The first single released from the album was "Changes", which was released on 15 September 2008 in the UK, and peaked at number 10 on the UK Singles Chart. The second single lifted was "Grace", and despite heavy airplay on music stations and TV music channels, the single only managed to peak at number 33, Young's lowest peak position for a single at the time. "Let It Go" was the third single lifted from the album, released on 2 March 2009 only in the UK, and failed to impact the UK Top 40, peaking at number 58, surpassing "Grace" as his lowest-charting single ever. The fourth and final single released was "Tell Me The Worst", and it served as a club promotional single.

==Critical reception==

Let It Go was received extremely well by Observer Music Monthly, garnering four stars, wherein comparisons were drawn between Let It Go and George Michael's album Older. Allmusic editor Matthew Chisling found that "on his fourth release in the mainstream market, Will Young once again sticks to what he does best: produce material satisfying to the adult contemporary listener. Once again, he has done so while balancing soft-spoken ballads with effervescent fresh dance tunes pleasing to a general audience.

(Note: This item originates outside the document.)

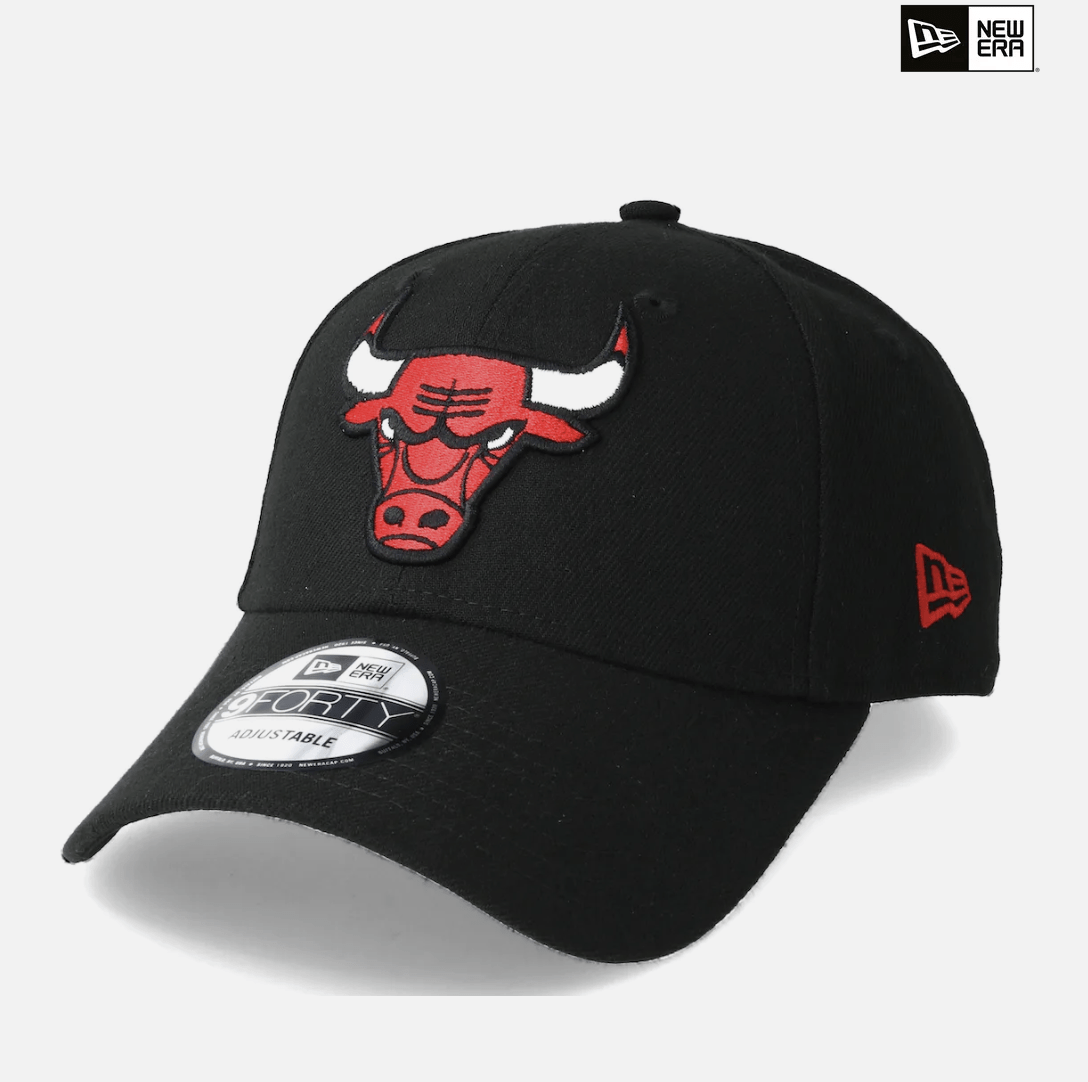 New Era Chicago Bulls Snapback Cap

As Young matures with every disc he releases, so does his music, as seen on Let It Go [...] Young's unique tone is there, but the true hits are hidden and the support is so irritatingly boring that Let It Go fails to sparkle like Young's prior albums have."

Professional ratings
Review scores
| Source | Rating |
| Allmusic |  |
| The Observer |  |

==Track listing==

- ^{} signifies a vocal producer

Standard version
| No. | Title | Writer(s) | Producer(s) | Length |
|---|---|---|---|---|
| 1. | "Changes" | Will Young; Francis White; | Eg White | 4:00 |
| 2. | "Grace" | Young; Matt Prime; | Richard Stannard; Ash Howes; Prime^{[a]}; | 4:37 |
| 3. | "Won't Look Down" | Young; Patrick Byrne; Karen Poole; | Mike Spencer | 3:47 |
| 4. | "Tell Me the Worst" | Ricky Ross; White; | Stephen Lipson | 3:35 |
| 5. | "I Won't Give Up" | Young; White; | White; Freemasons; | 4:01 |
| 6. | "Disconnected" | Young; Byrne; Aret Komlosy; Poole; | Byrne | 3:59 |
| 7. | "If Love Equals Nothing" | Young; Chris Braide; Poole; | Braide | 3:49 |
| 8. | "Love" | Young; Lipson; Poole; | Lipson | 6:32 |
| 9. | "Simple Philosophy" | Young; Byrne; Poole; | Spencer | 4:13 |
| 10. | "Let It Go" | Jeremy Gregory; Poole; White; | White | 3:39 |
| 11. | "Are You Happy" | Young; Byrne; Poole; | Spencer | 2:50 |
| 12. | "You Don't Know" | Young; Samuel Dixon; Sia Furler; | Dixon | 3:15 |
| 13. | "Free My Mind" | Young; Dan Brown; Stew Jackson; | Robot Club | 3:20 |

iTunes Store bonus track
| No. | Title | Length |
|---|---|---|
| 14. | "This Is Who I Am" | 3:55 |

==Charts==

===Weekly charts===

| Chart (2008) | Peak position |
|---|---|
| Irish Albums (OCC) | 12 |
| UK Albums (OCC) | 2 |

===Year-end charts===

| Chart (2008) | Position |
|---|---|
| UK Albums (OCC) | 30 |

== Certifications ==

| Region | Certification | Certified units/sales |
| United Kingdom (BPI) | Platinum | 300,000^{^} |
^{^} Shipments figures based on certification alone.